What you will do:
Leave out the pictures and retype all the entries below exactly.

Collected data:
★ ★ ★ ★
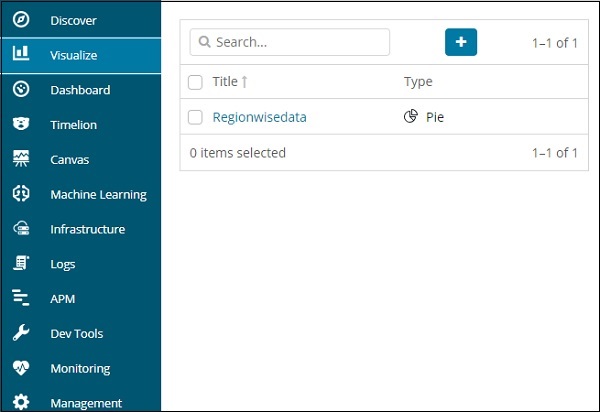 Aggregation as Terms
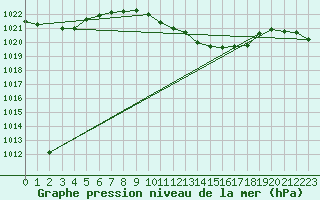 Courbe de la pression atmosphrique pour Pozega Uzicka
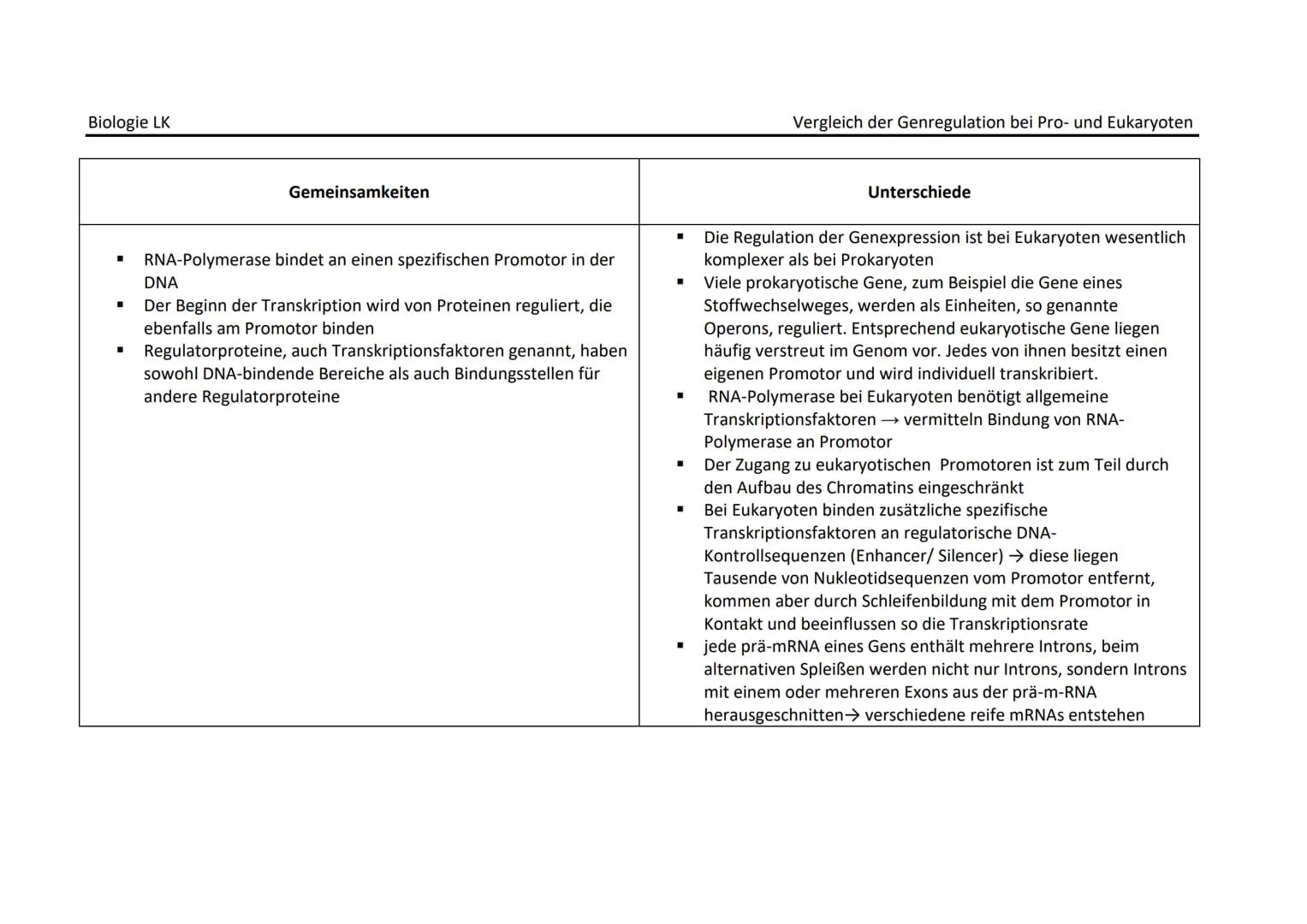 Biologie LK
■
■
Gemeinsamkeiten
RNA-Polymerase bindet an einen spezifischen Promotor in der
DNA
Der Beginn der Transkription wird von Protei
★ ★ ★ ★
Result:
 Aggregation as Terms
 Courbe de la pression atmosphrique pour Pozega Uzicka
 Biologie LK
■
■
Gemeinsamkeiten
RNA-Polymerase bindet an einen spezifischen Promotor in der
DNA
Der Beginn der Transkription wird von Protei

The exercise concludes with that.